= Fiachrae =

Fiachrae was an Irish prince, the son of the high king Eochaid Mugmedón (d.362) by his wife Mongfind, sister of Crimthann mac Fidaig (d.367). He was ancestor of the Uí Fiachrach dynasties of Connacht. He lived in the late 4th century.

"The Violent Death of Crimthann mac Fidaig and of the Three Sons of Eochaid Muigmedón" gives the story of the sons of Eochaid Mugmedón. According to this saga, his half-brother the high king Niall Noigiallach (d.405) made Fiachrae's full brother Brión his champion and Brion seized the kingship of Connacht. This led to war between Brion and Fiachrae and they fought a battle at Damchluain (near Tuam, County Galway). Fiachrae was captured and taken to Tara. However Fiachrae's son Nath Í rallied forces and defeated and slew Brion at a second battle at Damchluain.

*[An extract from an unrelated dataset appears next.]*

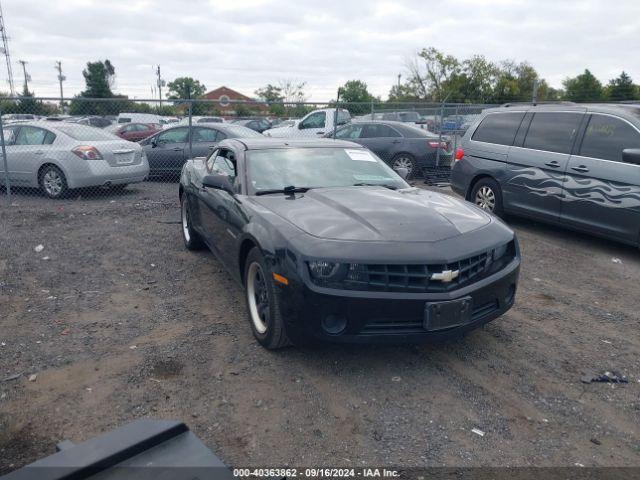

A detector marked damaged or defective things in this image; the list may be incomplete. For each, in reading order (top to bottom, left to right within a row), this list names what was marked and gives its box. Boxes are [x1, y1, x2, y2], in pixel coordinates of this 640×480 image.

damaged vehicle [180, 139, 520, 348]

Fiachrae was now released by Niall and given Brion's position as champion and levier of his hostages and rents. With his brother Ailill, he then went to take hostages from Munster. They defeated Eochaid mac Crimthainn and took loot and hostages. However, Fiachrae was severely wounded and died at Ferrach in Meath on the way home. The hostages of Munster were buried alive with him as a tribute to him.